1921 |
Un travail de Boukharine récapitulant les acquis du marxisme. Il servira de manuel de formation de base aux militants communistes durant les années de construction des sections de l'Internationale Communiste. |
La théorie du matérialisme historique
Supplément
Brèves remarques sur le problème de la théorie du matérialisme historique
Selon Marx, les rapports de production sont la base matérielle de la société. Cependant, parmi nombre de groupes marxistes (ou, plutôt, pseudo-marxistes), il existe une tendance irrésistible à « spiritualiser » cette base matérielle. Les progrès de l'école et de la méthode psychologiques dans la sociologie bourgeoise ne pouvaient pas ne pas « contaminer » les milieux marxistes et semi-marxistes. Ce phénomène allait de pair avec l'influence croissante de la philosophie académique idéaliste. On se mit à reprendre en sous-uvre la construction de Marx en introduisant sous sa base matérielle la base psychologique « idéale » l'école autrichienne (Böhm-Bawerk), de L. Word et tutti quanti. En l'occurrence également, l'initiative revint à l'austro-marxisme théoriquement en décadence. On se mit à traiter de la base matérielle dans l'esprit du « Pickwick Club. » L'économique, le mode de production passèrent dans la catégorie inférieure des réactions psychiques. Le soubassement solide du matériel disparut de l'édifice social.

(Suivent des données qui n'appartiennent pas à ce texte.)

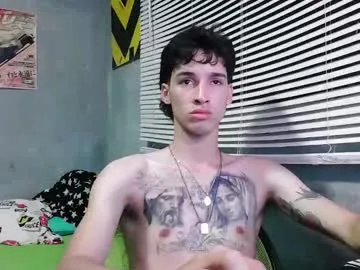 IORio2 – webcam model profile photo Image 15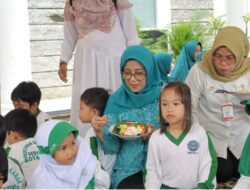 Rabu Berkah PKK Jambi, Bunda PAUD Bagikan Sarapan Bergizi untuk Warga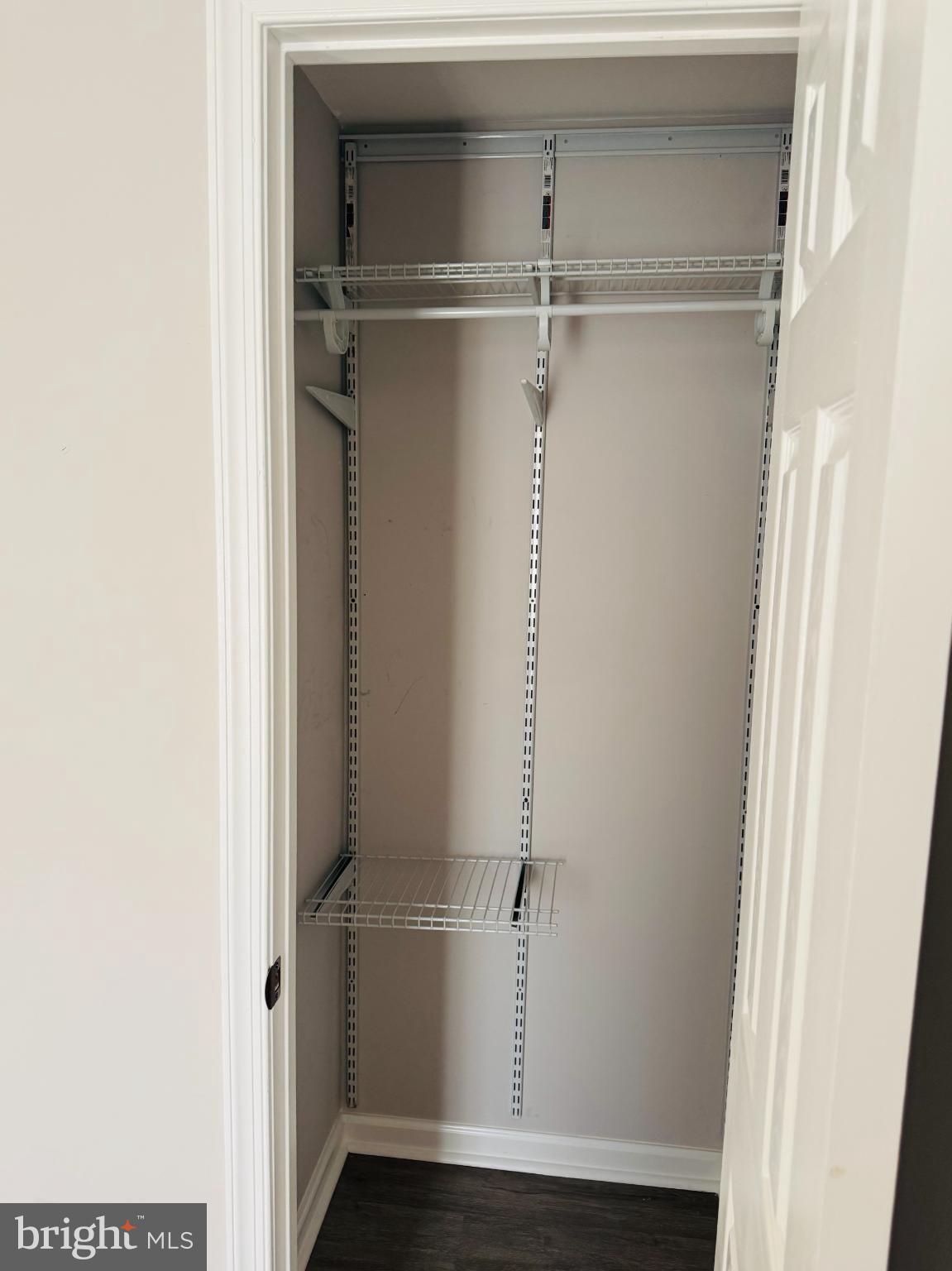 THOMAS CHOICE WEST - Residential Lease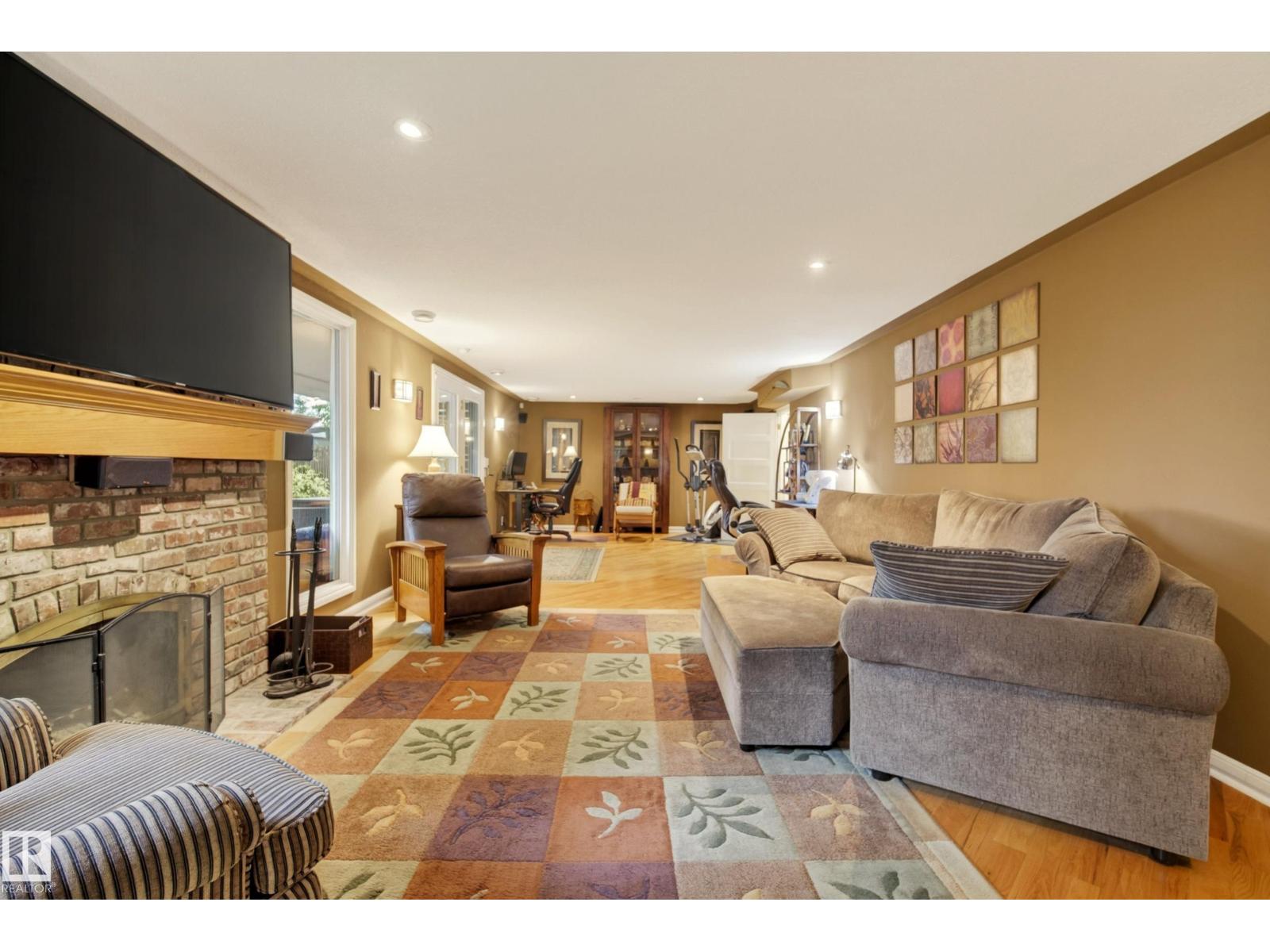 78 GOODRIDGE DR - 47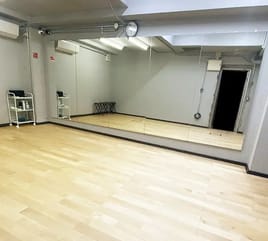【京都・河原町】当日予約OK！鏡＆音響完備のダンス向けレンタルスタジオ（Aスタジオ） レンタルスタジオ Dancers河原町店　Aスタジオ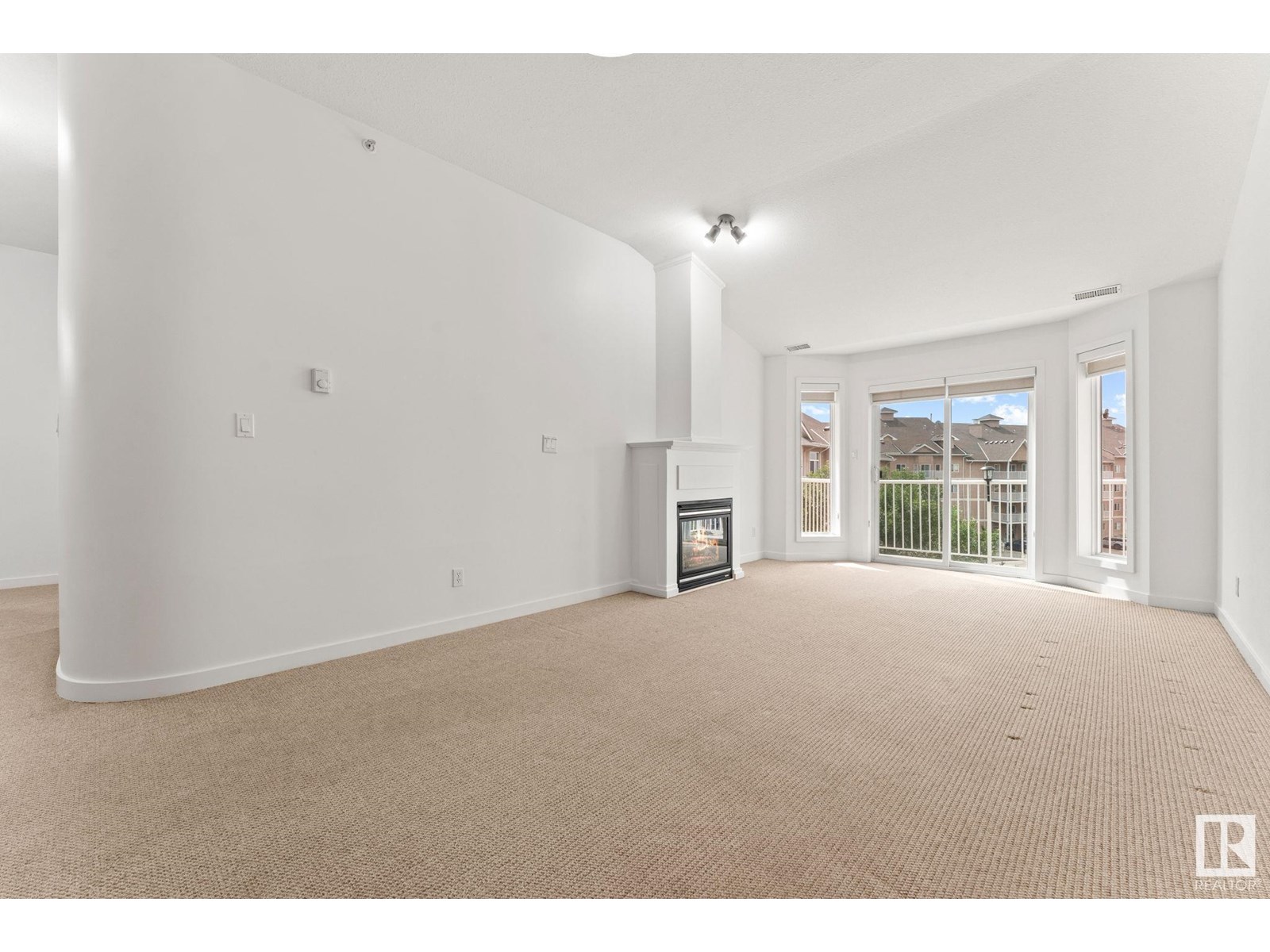 Photo 40 of 426 4312 139 Av Nw, Edmonton AB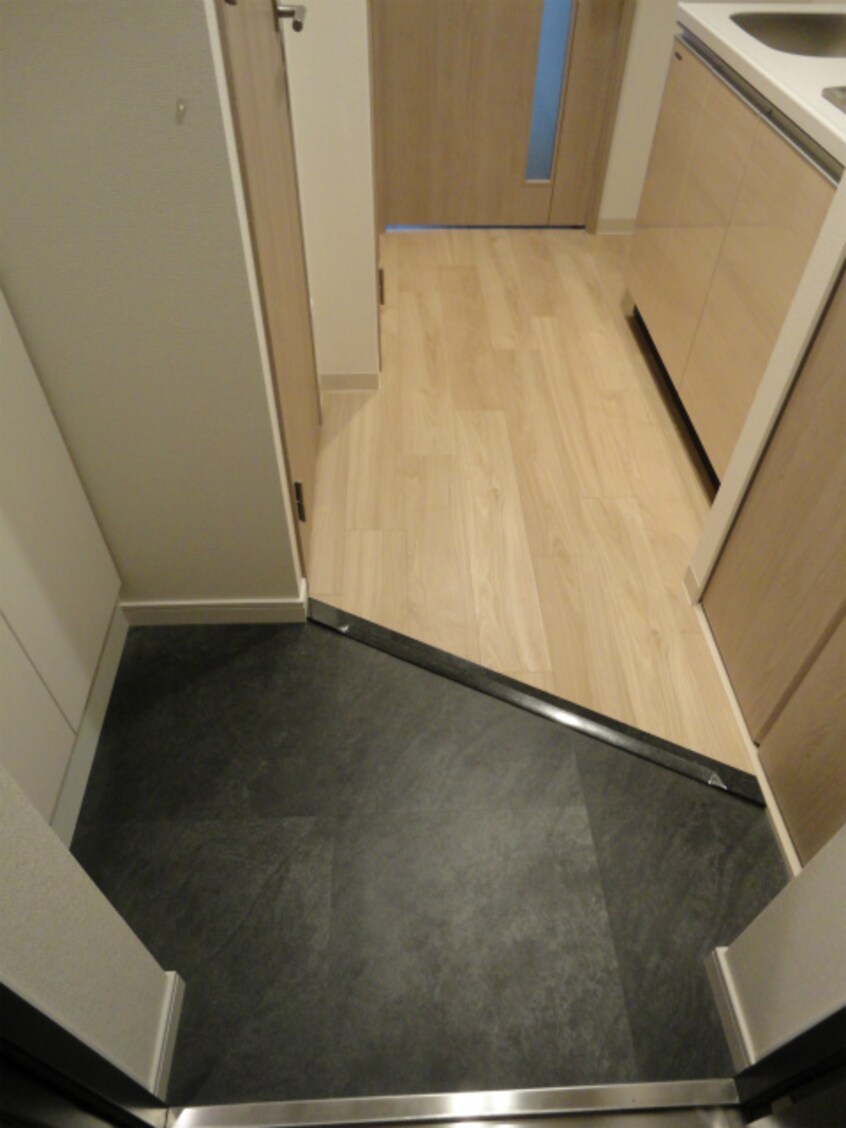  プレサンス松屋町駅前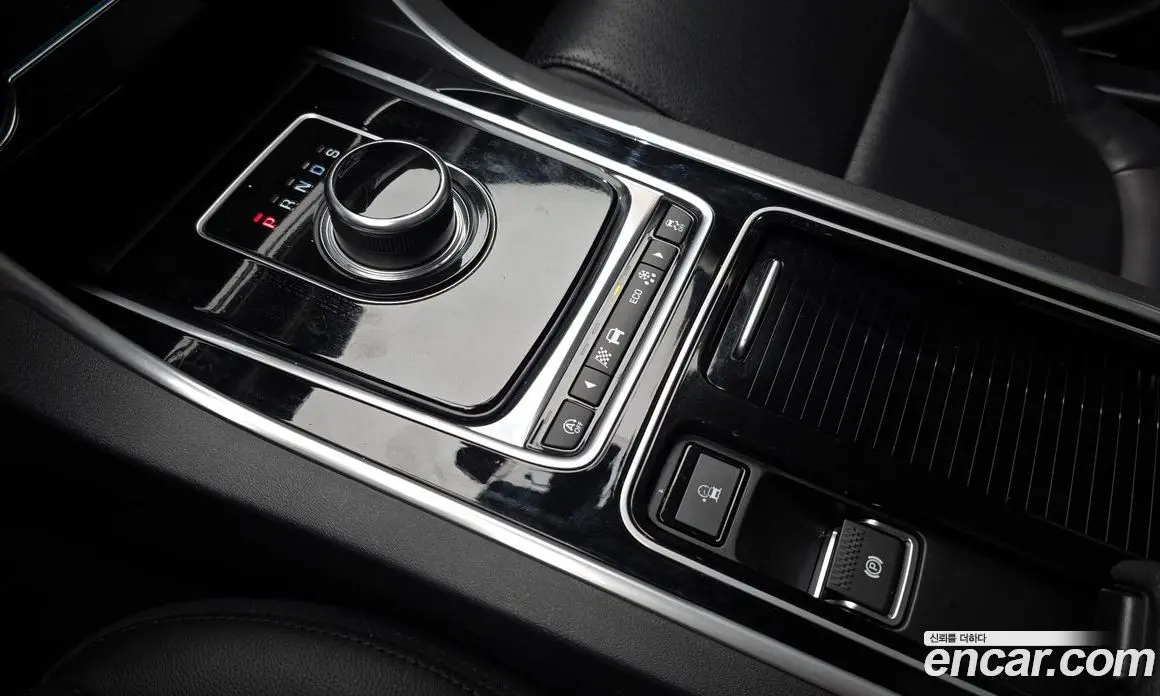 Jaguar XF 2018 2.0 автомат (гидро), фото 12 Jaguar XF 2018 2.0 автомат (гидро), фото 12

Dans la littérature russe, cette transformation psychologique du marxisme a été poursuivie systématiquement dans les ouvrages de A.-A. Bogdanov. Selon Bogdanov, la technique elle-même, n'est pas une chose matérielle, mais le savoir-faire des hommes, l'art de travailler à l'aide d'instruments déterminés, un entraînement psychologique, pour ainsi dire.
Il est évident qu'un tel marxisme « psychologisé » s'écarte nettement du matérialisme souligné « con amore » par Marx en sociologie.
Comment donc considérer le caractère matériel des rapports de production ?
Dans la littérature marxiste, on n'a pas donné, me semble-t-il, de réponse précise à cette question, et c'est ce qui explique en partie que des constructions « psychologiques », auxquelles on ne saurait refuser une certaine unité et une certaine logique, exercent une influence sur les esprits marxistes [1].
Comment résoudre ce problème ? L'adversaire apporte une série d'arguments sérieux. Le plus important est que la conception des rapports entre les hommes présuppose l'action psychique réciproque de ces derniers. Le lien de travail devient ainsi un lien d'ordre psychique et comme il n'est pas douteux que la création et le maintien de ces rapports constituent un processus psychique résultant d'actes psychiques s'objectivant sur le plan social, le caractère social psychique de la « base » se trouve par là même établi.
J'affirme qu'à cette argumentation il n'a rien été opposé dans nos milieux. C'est pourquoi je propose une solution nouvelle, matérialiste, du problème, solution conforme à celles de Marx. Cette solution la voici :
Par rapports de production, j'entends la coordination des hommes (considérés comme « machines vivantes ») par le travail dans l'espace et dans le temps. Le système de ces rapports est aussi peu « psychique » qu'un système planétaire avec son soleil. La détermination de sa place à chaque point chronologique, voilà ce qui constitue un système. De ce point de vue, toute attribution de caractère psychique à la base disparaît. Et le fait que les éléments psychiques sont un facteur intermédiaire, ne détruit ni n'affecte l'enchaînement de notre argumentation: toute superstructure sert de facteur intermédiaire dans le processus de reconstitution en commun de la vie sociale.
Je considère cette solution comme la seule juste et comme la seule matérialiste. Seule, en outre, elle permet de réfuter Adler et consorts.
Notes
[1] Étant donné l « intelligence » de certains critiques, je tiens à faire observer qu'il s'agit ici du plan logique, qui a évidemment, son équivalent social et économique.